_EXERCISE BRIEF_
Transcribe the listing below exactly, without pictures.

_THE DATA_

========================

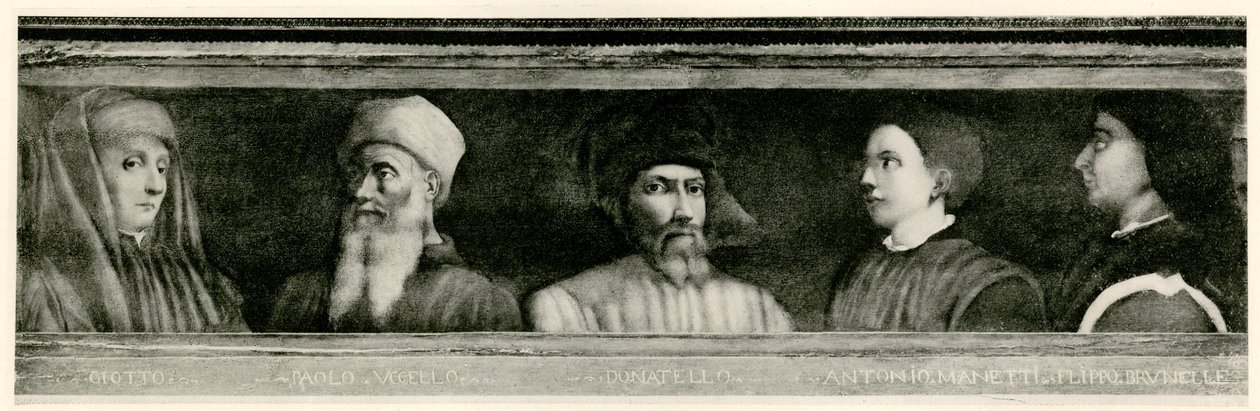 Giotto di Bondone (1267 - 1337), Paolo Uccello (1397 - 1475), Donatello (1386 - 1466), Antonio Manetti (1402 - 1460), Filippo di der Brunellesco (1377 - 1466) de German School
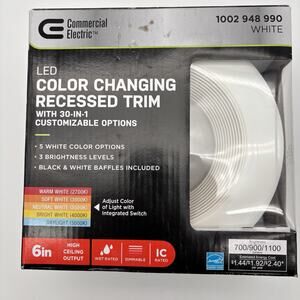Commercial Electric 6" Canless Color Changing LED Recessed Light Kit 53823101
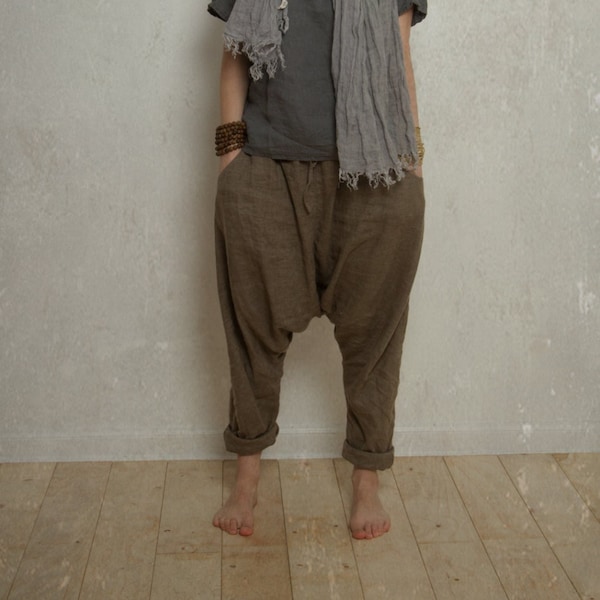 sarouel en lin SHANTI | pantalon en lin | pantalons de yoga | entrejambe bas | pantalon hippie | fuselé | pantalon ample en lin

========================

_EXPECTED ANSWER_
 Giotto di Bondone (1267 - 1337), Paolo Uccello (1397 - 1475), Donatello (1386 - 1466), Antonio Manetti (1402 - 1460), Filippo di der Brunellesco (1377 - 1466) de German School
Commercial Electric 6" Canless Color Changing LED Recessed Light Kit 53823101
 sarouel en lin SHANTI | pantalon en lin | pantalons de yoga | entrejambe bas | pantalon hippie | fuselé | pantalon ample en lin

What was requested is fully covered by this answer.